This is overly restrictive, as many references like an absolute
relocation in a writable section or a non-SHF_ALLOC section should be
totally fine.  Allow symbols that do not bind locally, similar to
aarch64 "S" and x86-64 "Ws" (commit d7250100381b817114447d91fff4748526d4fb21).

gcc/ChangeLog:

        * config/riscv/constraints.md: Relax the condition for "S".
        * doc/md.texi: Update.

gcc/testsuite/ChangeLog:

        * gcc.target/riscv/asm-raw-symbol.c: New test.
---
 gcc/config/riscv/constraints.md                 |  4 ++--
 gcc/doc/md.texi                                 |  2 +-
 gcc/testsuite/gcc.target/riscv/asm-raw-symbol.c | 17 +++++++++++++++++
 3 files changed, 20 insertions(+), 3 deletions(-)
 create mode 100644 gcc/testsuite/gcc.target/riscv/asm-raw-symbol.c

Comments

Kito Cheng Jan. 31, 2024, 7:26 a.m. UTC | #1
I realized there is 's' constraint which is defined in GCC generic
infra[1], and that's kinda what same as the new semantic of 'S' here,

(define_constraint "s"
 "Matches a symbolic integer constant."
 (and (match_test "CONSTANT_P (op)")
      (match_test "!CONST_SCALAR_INT_P (op)")
      (match_test "!flag_pic || LEGITIMATE_PIC_OPERAND_P (op)")))
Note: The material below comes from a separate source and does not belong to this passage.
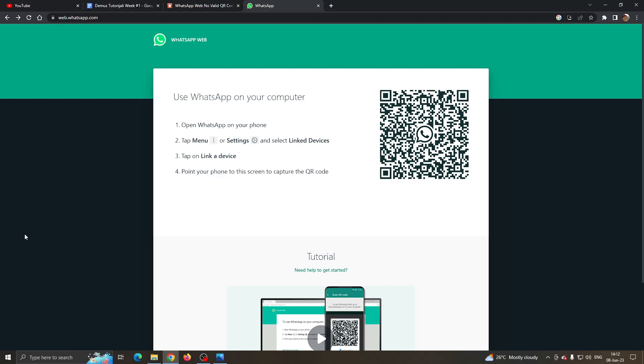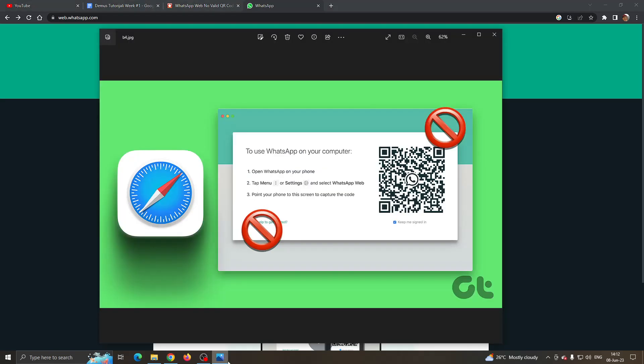Hey everybody, what's up and welcome back to today's video. Today I'm going to show you what to do if WhatsApp Web isn't working for you. If for some reason you cannot use WhatsApp Web on your computer and you keep getting an error like this one, then I'm going to go through the steps you need to take to get rid of the error and fix it yourself.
Where const, symbol_ref and label_ref is match CONSTANT_P &&
!CONST_SCALAR_INT_P,
and LEGITIMATE_PIC_OPERAND_P is always 1 for RISC-V

The only difference is it also allows high, which is something like
%hi(sym), but I think it's harmless in the use case.
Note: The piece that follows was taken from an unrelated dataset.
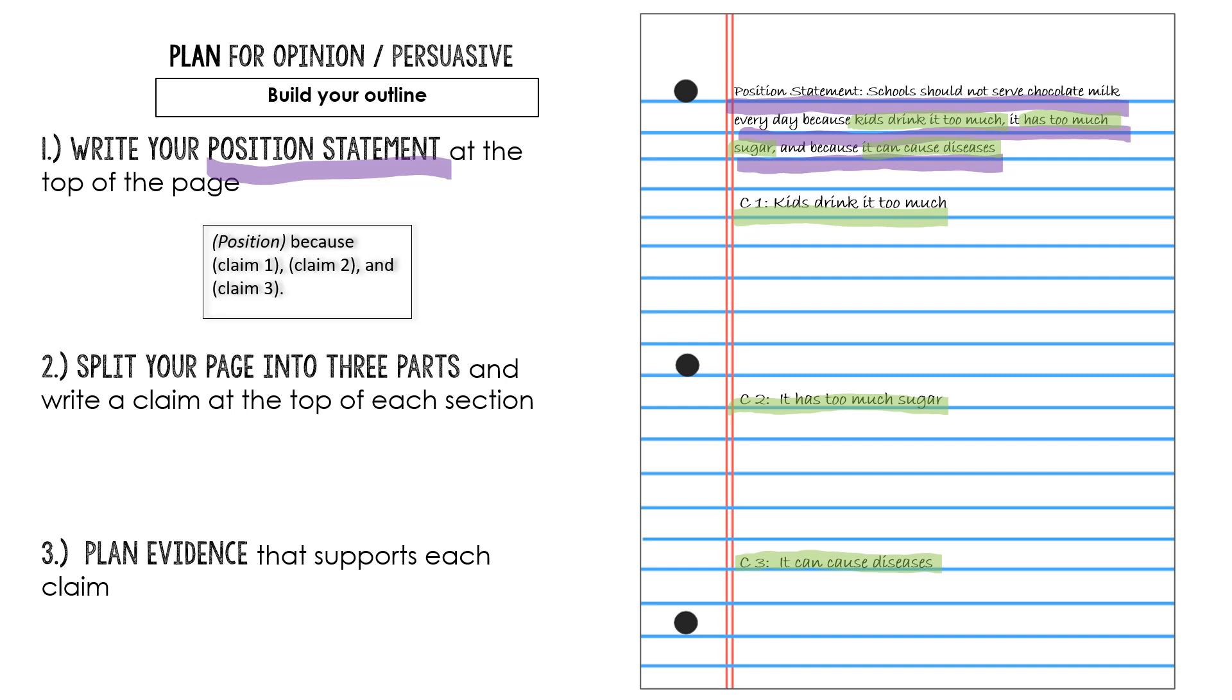So my position statement at the top tells people if I'm for or against something and reminds me of the three claims. And then I write all three claims on my outline so that I've got space underneath them in which to add my evidence. So that's step two. Write your claims on each part of your outline page. Once I do that I am ready to start planning my evidence. That's going to be here in yellow.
However I found LLVM also not work on " asm(".reloc ., BFD_RELOC_NONE,
%0" :: "S"(&ns::a[3]));",
so maybe we could consider implement 's' in LLVM? and also add some
document in riscv-c-api.md

And just clarify, I don't have strong prefer on using 's', I am ok
with relaxing 'S' too,
propose using 's' is because that is work fine on RISC-V gcc for long
time and no backward compatible issue,
But I guess you have this proposal may came from ClangBuiltLinux, so
's' may not work for clang well due to backward compatible.

[1] https://gcc.gnu.org/onlinedocs/gcc/Simple-Constraints.html#index-s-in-constraint
[2] https://github.com/riscv-non-isa/riscv-c-api-doc/blob/master/riscv-c-api.md#constraints-on-operands-of-inline-assembly-statements

On Wed, Jan 31, 2024 at 1:02 PM Fangrui Song <maskray@google.com> wrote:
>
> The constraint "S" can only be used with a symbol that binds locally, so
> the following does not work for -fpie/-fpic (GOT access is used).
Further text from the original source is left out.